Baza biegowa – wszystko co powinniście wiedzieć

baza biegowa

Baza biegowa, czyli budowanie fundamentów treningowych pod czekający nas cięższy trening. Jest to bardzo popularny termin, a prawidłowo wykonana faza budowania bazy biegowej może nie tylko sprawić, że sezon zakończymy z nowymi życiówkami. Ale również, a może przede wszystkim, unikniemy przykrych kontuzji i przeciążeń.

Ze swojego doświadczenia mogę powiedzieć, że najlepsze sezony biegowe zaliczałem, skupiając się przez kilka tygodni na tym etapie treningu. Niestety jak to często bywa, pogoń za kolejnymi startami, chęć bycie szybszym z tygodnia na tydzień, z miesiąca na miesiąc sprawiają, że często pomijamy tę fazę natychmiast zaczynając od szybszego biegania. Co nie zawsze jest najlepszym rozwiązaniem.

Co to jest baza biegowej?

Jest to potoczna nazwa, pierwsza faza, pierwszy cykl planu treningowego. Czyli pierwsze tygodnie treningu. Okresy w którym zaczynamy realizować plan treningowy prowadzący nas do określonego celu. Często nazywamy tę fazę fundamentem biegowym. A jak wiadomo, jak dobre mamy fundamenty, tak później skutecznie możemy budować formę docelową.

Po co nam ta faza treningu?

  • Przyzwyczajamy organizm do systematycznego treningu. Do obciążeń. Dzięki temu nasz organizm się wzmacnia i uodparnia na czekające go wyzwania. Krótko mówiąc, zaczynając trening od tej fazy, znacznie zmniejszamy ryzyko kontuzji.
  • Pozwala nam na zbudowanie docelowej objętości treningowej. Zwiększamy kilometraż stopniowo, bez ciężkich treningów. Trzeba pamiętać, że jednoczesne zwiększanie objętości i intensywności to wręcz proszenie się o kontuzję albo przeciążenie.
  • To świetny okres na trening uzupełniający. W okres docelowy wchodzimy już wzmocnieni ćwiczeniami, przebieżkami i podbiegami. Teraz musimy się skupić na podtrzymaniu i tylko lekkim rozwoju tych umiejętności.
  • Oczywiście biegając dużo treningów w pierwszym zakresie poprawiamy znacznie swoja ekonomikę biegu. Możemy pracować nad techniką. Bardzo mocno rozwijamy układ wydolnościowy. Uogólniając, fizjologicznie stajamy się gotowani na dużo szybsze bieganie.
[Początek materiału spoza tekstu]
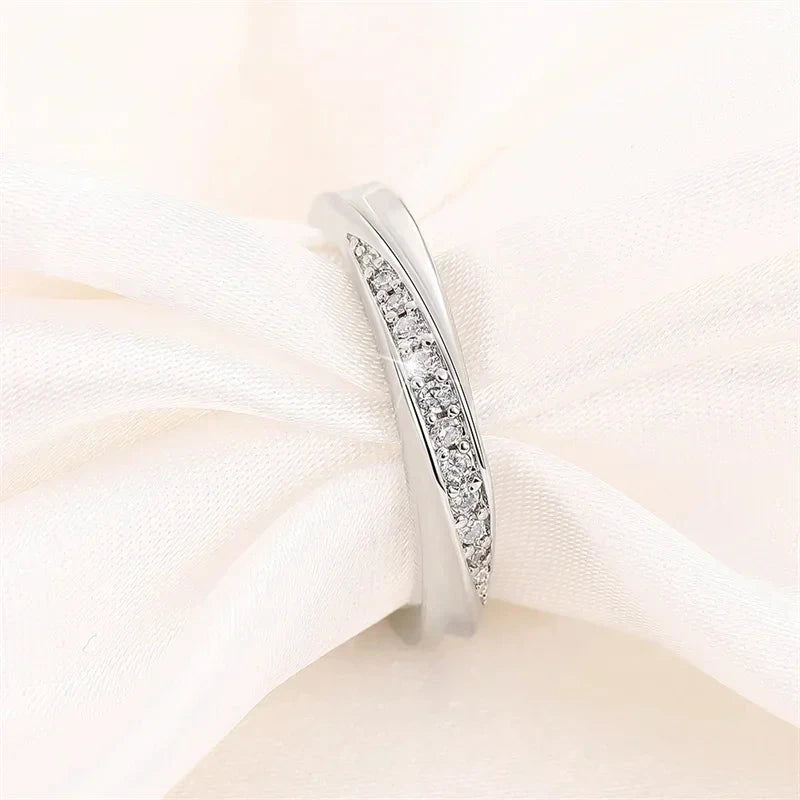 Luxury Rings Paved One-line CZ for WomenQ7598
Jak powinna wyglądać faza budowania bazy biegowej?

Okres budowania bazy treningowej powinien się składać głównie z rozbiegań. Jest to okres kiedy przyzwyczajamy organizm do wysiłku fizycznego jakim jest bieganie. W zależności od tego ile czasu poświęcimy na budownaie bazy treningowej, możemy lekko urozmaicić treningi. Ale podstawą zawsze będę stanowić rozbiegania. W ogóle w pierwszych 2-3 tygodniach radzę zapomnieć o innym bieganiu. Zegarek mamy na ręku tylko po to, żeby sobie logować treningi. Natomiast idziemy biegać spokojnie, luźno. Wysiłek ma być dla nas przyjemny. Nie męczyć nas, nie sprawiać trudności. Swobodnie oddychamy, możemy bez zadyszki rozmawiać.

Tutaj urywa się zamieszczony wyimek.